Out of his hand the lyre
Suddenly slipped and fell,
The fire
Acclaimed it into hell.

The night grew dark again:
There came a bitter cry
Of pain,
Oh Love, once more I die!

And lo, the earth-dawn broke,
And like a wraith she fled:
He woke
Alone: his love was dead.

He woke on earth: the day
Shone coldly: at his side
There lay
The body of his bride.

VII

Only now when the purple vintage bubbles and winks in the autumn glory,
Only now when the great white oxen drag the weight of the harvest home,
Sunburnt labourers, under the star of the sunset, sing as an old-world story
How two pale and thwarted lovers ever through Arcady still must roam.

Faint as the silvery mists of morning over the peaks that the noonday parches,
On through the haunts of the gloaming musk-rose, down to the rivers that glisten below,
Ever they wander from meadow to pinewood, under the whispering woodbine arches,
Faint as the mists of the dews of the dusk when violets dream and the moon-winds blow.

Though the golden lute of Orpheus gathered the splendours of earth and heaven,
All the golden greenwood notes and all the chimes of the changing sea,
Old men over the fires of winter murmur again that he was not given
The steadfast heart divine to rule that infinite freedom of harmony.

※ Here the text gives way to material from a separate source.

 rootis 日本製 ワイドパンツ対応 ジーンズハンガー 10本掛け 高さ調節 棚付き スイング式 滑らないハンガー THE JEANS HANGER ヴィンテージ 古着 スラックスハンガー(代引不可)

Therefore he failed, say they; but we, that have no wisdom, can only remember
How through the purple perfumed pinewoods white Eurydice roamed and sung:
How through the whispering gold of the wheat, where the poppy burned like a crimson ember,
Down to the valley in beauty she came, and under her feet the flowers upsprung.

Down to the valley she came, for far and far below in the dreaming meadows
Pleaded ever the Voice of voices, calling his love by her golden name;
So she arose from her home in the hills, and down through the blossoms that danced with their shadows,
Out of the blue of the dreaming distance, down to the heart of her lover she came.